RECORDS TO USE START

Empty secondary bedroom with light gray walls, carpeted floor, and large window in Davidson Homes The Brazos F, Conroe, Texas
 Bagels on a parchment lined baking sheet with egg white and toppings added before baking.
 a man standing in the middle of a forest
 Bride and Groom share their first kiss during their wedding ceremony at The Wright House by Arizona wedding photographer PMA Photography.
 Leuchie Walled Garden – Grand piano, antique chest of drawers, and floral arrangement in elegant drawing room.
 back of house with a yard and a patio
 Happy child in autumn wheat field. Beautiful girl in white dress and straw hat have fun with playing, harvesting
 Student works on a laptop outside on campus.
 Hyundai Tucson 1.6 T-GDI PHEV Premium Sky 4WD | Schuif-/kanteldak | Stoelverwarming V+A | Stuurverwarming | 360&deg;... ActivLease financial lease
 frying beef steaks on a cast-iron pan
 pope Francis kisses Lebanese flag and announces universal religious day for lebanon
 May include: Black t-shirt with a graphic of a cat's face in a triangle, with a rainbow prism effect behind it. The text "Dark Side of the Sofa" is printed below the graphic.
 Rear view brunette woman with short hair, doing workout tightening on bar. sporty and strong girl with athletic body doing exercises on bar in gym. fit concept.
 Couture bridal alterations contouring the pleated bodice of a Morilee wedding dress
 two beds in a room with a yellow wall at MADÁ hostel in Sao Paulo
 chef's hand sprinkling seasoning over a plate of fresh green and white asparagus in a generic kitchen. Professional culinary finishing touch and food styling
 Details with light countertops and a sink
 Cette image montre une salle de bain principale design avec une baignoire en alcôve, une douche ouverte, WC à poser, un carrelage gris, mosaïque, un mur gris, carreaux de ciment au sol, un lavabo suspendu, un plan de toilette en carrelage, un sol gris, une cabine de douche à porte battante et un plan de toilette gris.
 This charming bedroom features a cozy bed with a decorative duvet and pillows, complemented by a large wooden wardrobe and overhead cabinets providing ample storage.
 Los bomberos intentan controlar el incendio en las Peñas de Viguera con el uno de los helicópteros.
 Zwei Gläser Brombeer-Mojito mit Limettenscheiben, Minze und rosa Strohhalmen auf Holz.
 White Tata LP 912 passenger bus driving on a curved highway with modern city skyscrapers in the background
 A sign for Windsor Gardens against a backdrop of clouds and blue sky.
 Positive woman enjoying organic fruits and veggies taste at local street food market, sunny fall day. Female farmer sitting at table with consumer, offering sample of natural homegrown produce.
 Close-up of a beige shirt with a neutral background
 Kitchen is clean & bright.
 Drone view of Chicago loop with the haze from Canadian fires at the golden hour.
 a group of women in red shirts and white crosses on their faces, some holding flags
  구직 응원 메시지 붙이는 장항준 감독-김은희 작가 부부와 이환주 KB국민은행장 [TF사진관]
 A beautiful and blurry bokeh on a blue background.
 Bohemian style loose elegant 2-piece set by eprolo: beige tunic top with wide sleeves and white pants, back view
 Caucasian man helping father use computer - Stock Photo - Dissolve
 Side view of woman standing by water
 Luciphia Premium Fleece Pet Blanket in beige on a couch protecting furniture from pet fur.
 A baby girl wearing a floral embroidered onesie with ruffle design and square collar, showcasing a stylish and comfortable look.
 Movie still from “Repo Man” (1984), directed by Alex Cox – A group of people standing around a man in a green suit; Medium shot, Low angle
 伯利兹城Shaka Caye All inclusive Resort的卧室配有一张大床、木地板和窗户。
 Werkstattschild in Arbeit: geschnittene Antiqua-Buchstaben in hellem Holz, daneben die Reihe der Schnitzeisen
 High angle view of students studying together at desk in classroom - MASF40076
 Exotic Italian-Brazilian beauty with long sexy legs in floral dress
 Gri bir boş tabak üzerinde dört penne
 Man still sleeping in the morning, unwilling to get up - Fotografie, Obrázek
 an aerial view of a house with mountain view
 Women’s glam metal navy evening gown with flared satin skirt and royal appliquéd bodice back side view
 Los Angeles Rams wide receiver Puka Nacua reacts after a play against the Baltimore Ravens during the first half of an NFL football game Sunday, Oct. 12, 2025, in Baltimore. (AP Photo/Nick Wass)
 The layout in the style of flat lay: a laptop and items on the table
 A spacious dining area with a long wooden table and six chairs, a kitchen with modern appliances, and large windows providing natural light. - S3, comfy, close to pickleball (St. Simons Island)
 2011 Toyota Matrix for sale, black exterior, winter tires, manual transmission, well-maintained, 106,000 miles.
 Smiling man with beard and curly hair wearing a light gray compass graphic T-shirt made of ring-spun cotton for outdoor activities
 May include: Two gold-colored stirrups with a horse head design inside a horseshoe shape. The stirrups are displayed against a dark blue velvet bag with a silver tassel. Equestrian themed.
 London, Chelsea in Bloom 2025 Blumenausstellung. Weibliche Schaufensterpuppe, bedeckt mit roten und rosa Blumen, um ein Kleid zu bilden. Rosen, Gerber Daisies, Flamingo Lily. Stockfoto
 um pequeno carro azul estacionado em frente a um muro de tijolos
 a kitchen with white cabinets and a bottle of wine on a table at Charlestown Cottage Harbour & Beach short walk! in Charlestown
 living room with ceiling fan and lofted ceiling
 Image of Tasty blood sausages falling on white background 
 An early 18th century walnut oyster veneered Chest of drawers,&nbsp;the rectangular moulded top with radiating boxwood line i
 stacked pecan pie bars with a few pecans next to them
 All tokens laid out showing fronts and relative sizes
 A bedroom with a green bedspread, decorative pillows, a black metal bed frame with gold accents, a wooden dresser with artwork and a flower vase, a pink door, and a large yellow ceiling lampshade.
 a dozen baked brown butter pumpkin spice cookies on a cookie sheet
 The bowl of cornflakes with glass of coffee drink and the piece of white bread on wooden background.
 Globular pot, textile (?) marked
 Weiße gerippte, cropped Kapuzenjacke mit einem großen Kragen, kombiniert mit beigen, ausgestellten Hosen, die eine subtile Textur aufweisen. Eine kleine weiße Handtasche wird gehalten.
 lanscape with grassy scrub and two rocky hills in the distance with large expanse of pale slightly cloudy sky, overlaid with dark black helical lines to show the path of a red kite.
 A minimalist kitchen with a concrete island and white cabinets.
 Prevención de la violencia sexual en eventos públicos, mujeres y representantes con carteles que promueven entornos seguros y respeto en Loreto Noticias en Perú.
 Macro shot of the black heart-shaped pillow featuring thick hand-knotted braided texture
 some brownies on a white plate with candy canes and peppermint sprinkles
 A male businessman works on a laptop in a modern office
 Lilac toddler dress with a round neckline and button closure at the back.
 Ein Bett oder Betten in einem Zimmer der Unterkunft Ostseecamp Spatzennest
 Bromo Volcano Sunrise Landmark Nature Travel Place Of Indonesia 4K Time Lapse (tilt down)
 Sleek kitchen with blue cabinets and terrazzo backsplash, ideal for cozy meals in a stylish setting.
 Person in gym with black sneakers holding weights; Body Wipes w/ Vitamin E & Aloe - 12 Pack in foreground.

RECORDS TO USE END

TASK PROMPT: Would you output, from the records above, exactly the run of lines that starts at the line containing "Leuchie Walled Garden" and ends at the line containing "back of house with a yard and a patio", and only that run?

TASK RESPONSE:
 Leuchie Walled Garden – Grand piano, antique chest of drawers, and floral arrangement in elegant drawing room.
 back of house with a yard and a patio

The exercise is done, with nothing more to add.